John F. Kennedy, il mito che ha vinto il tempo
John F. Kennedy, il mito che ha vinto il tempo
“Considerato il malanimo che c’è in giro, mi aspettavo che colpissero uno di noi. Ma Jack, dopo tutto quel che aveva passato, non se n’era mai preoccupato”. Robert Kennedy
È passato mezzo secolo da quella tarda mattinata a Dallas, Texas. Per la precisione, sono le 12.38 del 22 novembre 1963, quando, nella città più reazionaria dello Stato più repubblicano d’America, un folle di nome Lee Harvey Oswald esplode tre colpi di fucile contro il Presidente degli Stati Uniti.
Tre colpi esiziali, fatali, che strappano alla vita e al mondo un appena quaranteseienne “Commander in chief”, eletto esattamente tre anni prima, il cattolico di origini irlandesi John Fitzgerald Kennedy.
Le circostanze del “delitto del secolo” sono sconcertanti: il Presidente e la first Lady, Jacqueline Bouvier, a bordo di una lunghissima Lincoln decapottabile, l’imponente spiegamento di servizi segreti e polizia, la folla festante, la giornata soleggiata.
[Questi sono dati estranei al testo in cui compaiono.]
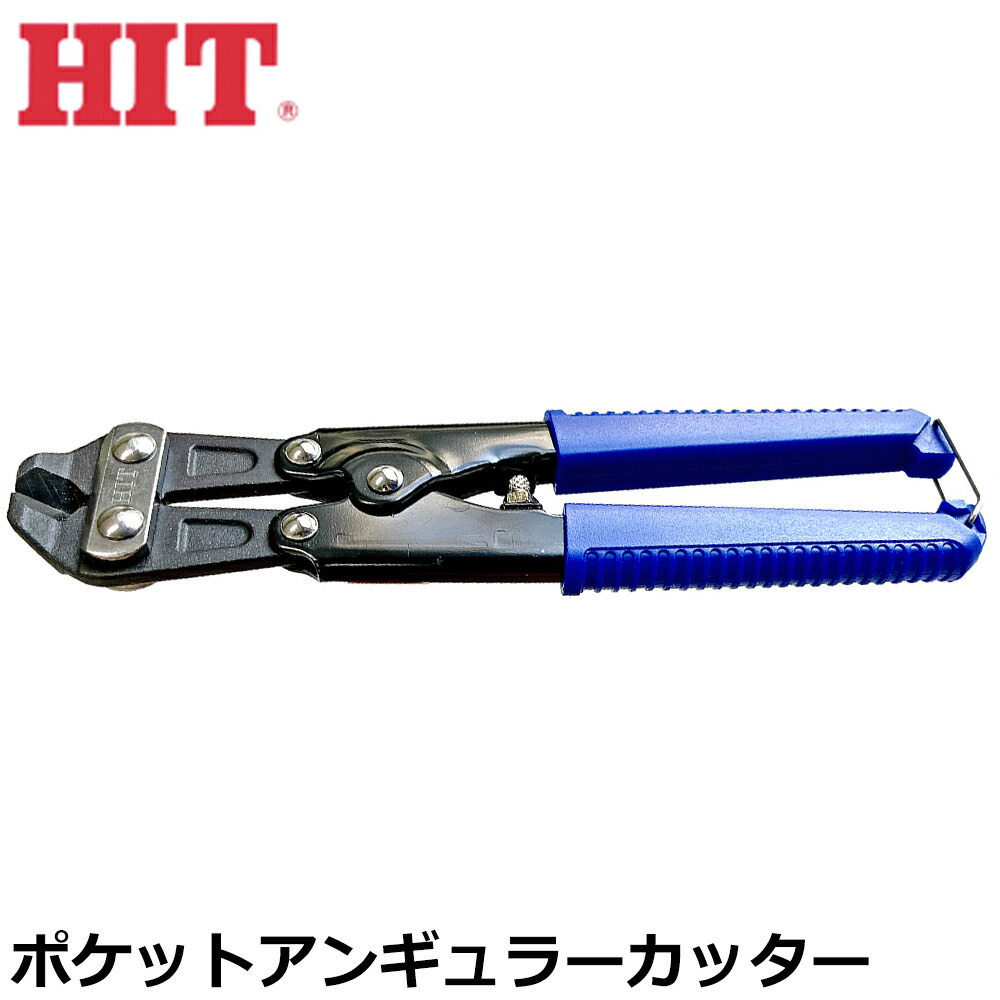 楽天市場】HIT 倍力機構搭載 ポケットアンギュラーカッター 斜刃型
E poi lui, Oswald, un mitomane con problemi psichici, che spara da un deposito di libri scolastici con un fucile modello Carcano Mannlicher, un residuato bellico comprato per corrispondenza.
In pochi secondi si ribalta il mondo: il primo sparo non va a buon fine, il secondo colpisce Kennedy all’addome, il terzo, quello mortale, in testa, facendo schizzare sul retro della Lincoln un pezzo di calotta cranica, prontamente afferrata dalla moglie.
Ma la circostanza più assurda, quasi paradossale, è che l’intera scena viene filmata per puro caso da un tale di nome Abraham Zapruder, un commerciante di stoffe che, felice per aver appena comprato una nuova telecamera, decide di recarsi al corteo presidenziale e immortalarne i momenti più significativi.
Per comprendere la portata dell’assassinio di JFK, occorre fare un passo indietro e ripercorrere i passaggi più importanti della vita del Presidente, fino ad arrivare a quell’ 8 novembre del 1960, giorno in cui si impone per una manciata di voti sul suo sfidante repubblicano, Richard Nixon.
John Fitzgerald Kennedy nasce il 29 maggio del 1917, a Brookline, una cittadina nei pressi di Boston. È il rampollo di una delle famiglie più ricche del paese: il padre è il facoltoso banchiere di origini irlandesi Joseph Kennedy, la madre, Rose Fitzgerald, è la nipote del sindaco di Boston.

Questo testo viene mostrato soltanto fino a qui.